Per quanto riguarda i
dati macroeconomici, negli
Stati Uniti la lettura finale del PIL 4° trimestre è stata
migliorativa, con la crescita rivista a +4,4% t/t ann. (da +4,3% provvisorio) grazie a una correzione positiva degli investimenti e delle esportazioni; nella settimana fino al 17 gennaio le nuove richieste di sussidi di disoccupazione si sono
attestate a 200 mila, poco mosse rispetto a 199 mila del periodo precedente; la spesa dei consumatori statunitensi è
cresciuta in modo sostenuto a novembre. In
Eurozona, la fiducia dei consumatori a gennaio è
migliorata più delle attese a -12,4 punti.
L'
Euro / dollaro USA mostra un timido guadagno, con un progresso dello 0,50%. L'
Oro continua gli scambi a 4.881,3 dollari l'oncia, con un aumento dell'1,03%. Giornata da dimenticare per il
petrolio (Light Sweet Crude Oil), che scambia a 59,46 dollari per barile, con un ribasso dell'1,92%.
Lo
Spread tra il rendimento del BTP e quello del Bund tedesco si riduce, attestandosi a +61 punti base, con il
rendimento del BTP decennale che si posiziona al 3,49%.

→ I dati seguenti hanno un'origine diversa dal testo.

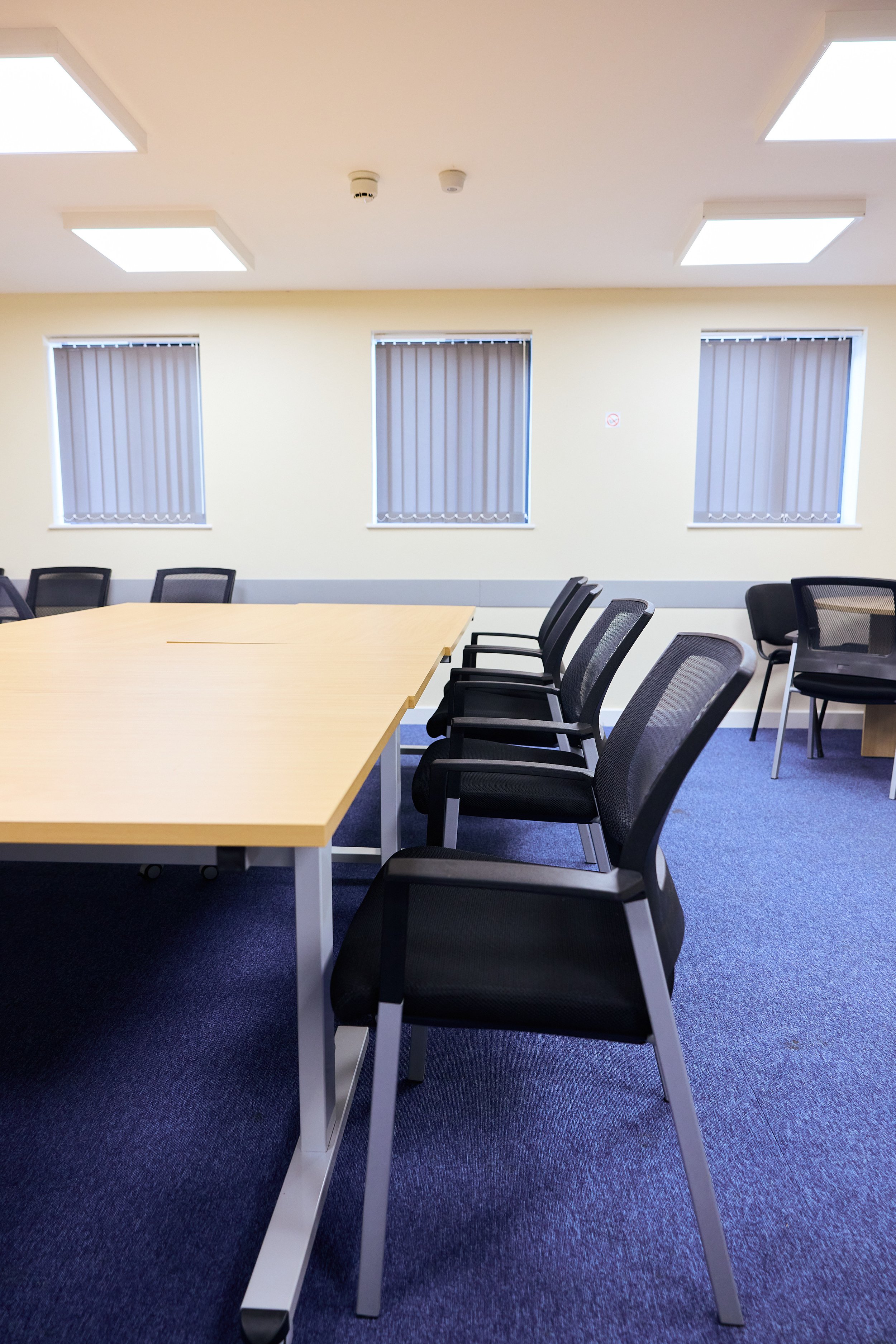 Empty conference room with rectangular table and black chairs, three windows with closed blinds, blue carpet, and ceiling lights.
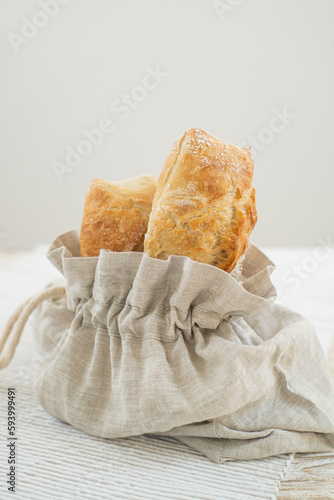 Delicious ciabatta resting in an eco-friendly bread bag, presented on a rustic table with a cozy tablecloth.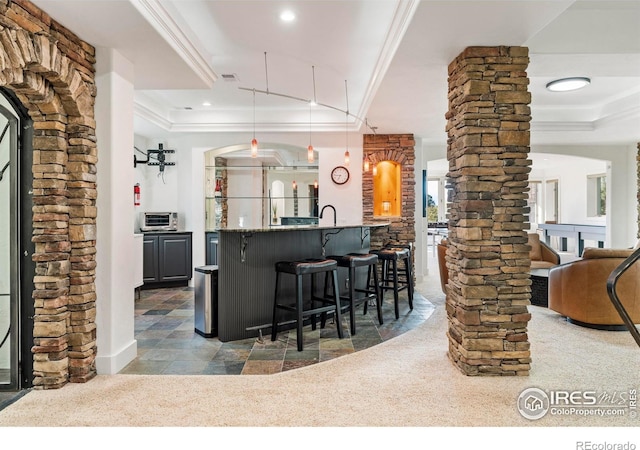 kitchen with pendant lighting, a tray ceiling, dark colored carpet, a breakfast bar, and ornate columns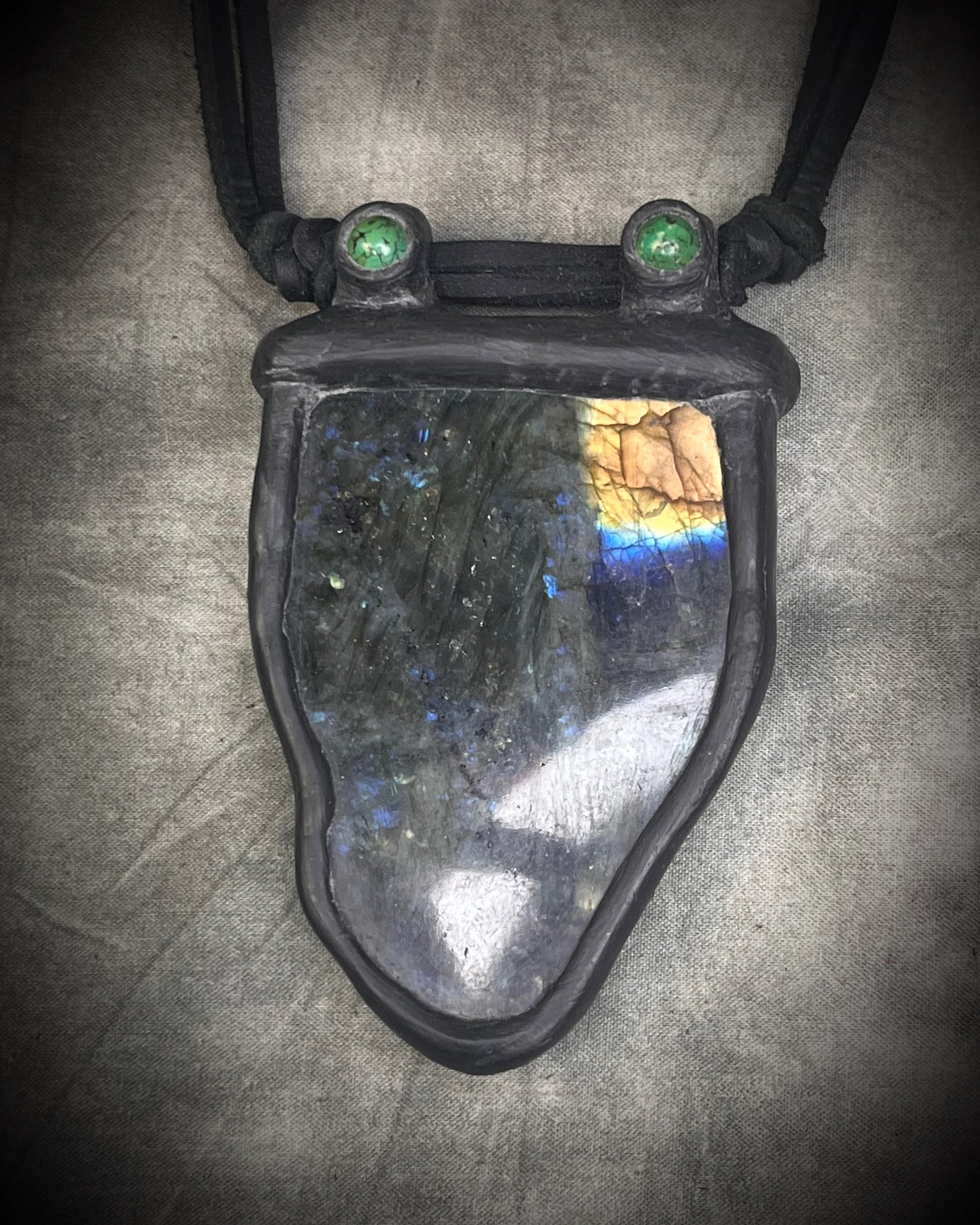 Handmade leather crystal necklace with labradorite and green chrysocolla featuring a handmade wire clasp by Anothai Hansen. 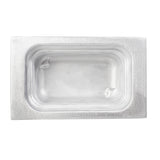 A rectangular, shallow, empty cast aluminum food pan viewed from above. The tray has rounded corners and a smooth, slightly textured surface with indents in two corners. The metallic sheen suggests durability for cold holding applications.
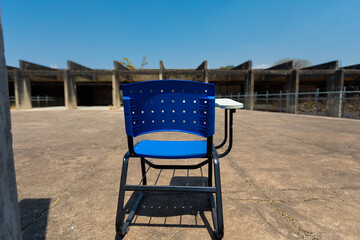 Blue plastic school chair in an abondoned place outdoors, looking into the horizon. Dropping out of school, educational crisis concept image. 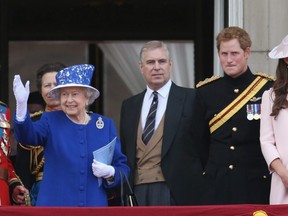 Queen Elizabeth II, Prince Andrew and Prince Harry stand on the balcony at Buckingham Palace during the annual Trooping the Colour Ceremony on June 15, 2013 in London, England. (Photo by Chris Jackson/Getty Images)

Tra le principali Borse europee andamento positivo per
Francoforte, che avanza di un discreto +1,2%, trascurata
Londra, che resta incollata sui livelli della vigilia, e ben comprata
Parigi, che segna un forte rialzo dello 0,99%.
A
Piazza Affari, il
FTSE MIB ha terminato la giornata con un aumento dell'1,36%, a 45.091 punti, bloccando così la scia ribassista sostenuta da quattro cali consecutivi, che ha preso il via venerdì scorso; sulla stessa linea, il
FTSE Italia All-Share guadagna l'1,43% rispetto alla seduta precedente, chiudendo a 47.985 punti. In netto miglioramento il
FTSE Italia Mid Cap (+2%); come pure, sale il
FTSE Italia Star (+1,12%).
Tra i
best performers di Milano, in evidenza
Buzzi (+3,89%),
Nexi (+3,86%),
Azimut (+3,02%) e
Unicredit (+2,95%).
I più forti ribassi, invece, si sono verificati su
Fincantieri, che ha archiviato la seduta a -8,73%. Spicca la prestazione negativa di
Leonardo, che scende del 3,10%. Contrazione moderata per
Inwit, che soffre un calo dello 0,54%.
Tra i protagonisti del FTSE MidCap,
Danieli (+9,57%),
Safilo (+6,33%),
Caltagirone SpA (+5,13%) e
MFE A (+4,76%).
Le più forti vendite, invece, si sono abbattute su
Avio, che ha terminato le contrattazioni a -7,24%. Sottotono
LU-VE Group che mostra una limatura dell'1,41%. Deludente
Anima Holding, che si adagia poco sotto i livelli della vigilia. Fiacca
Comer Industries, che mostra un piccolo decremento dello 0,77%.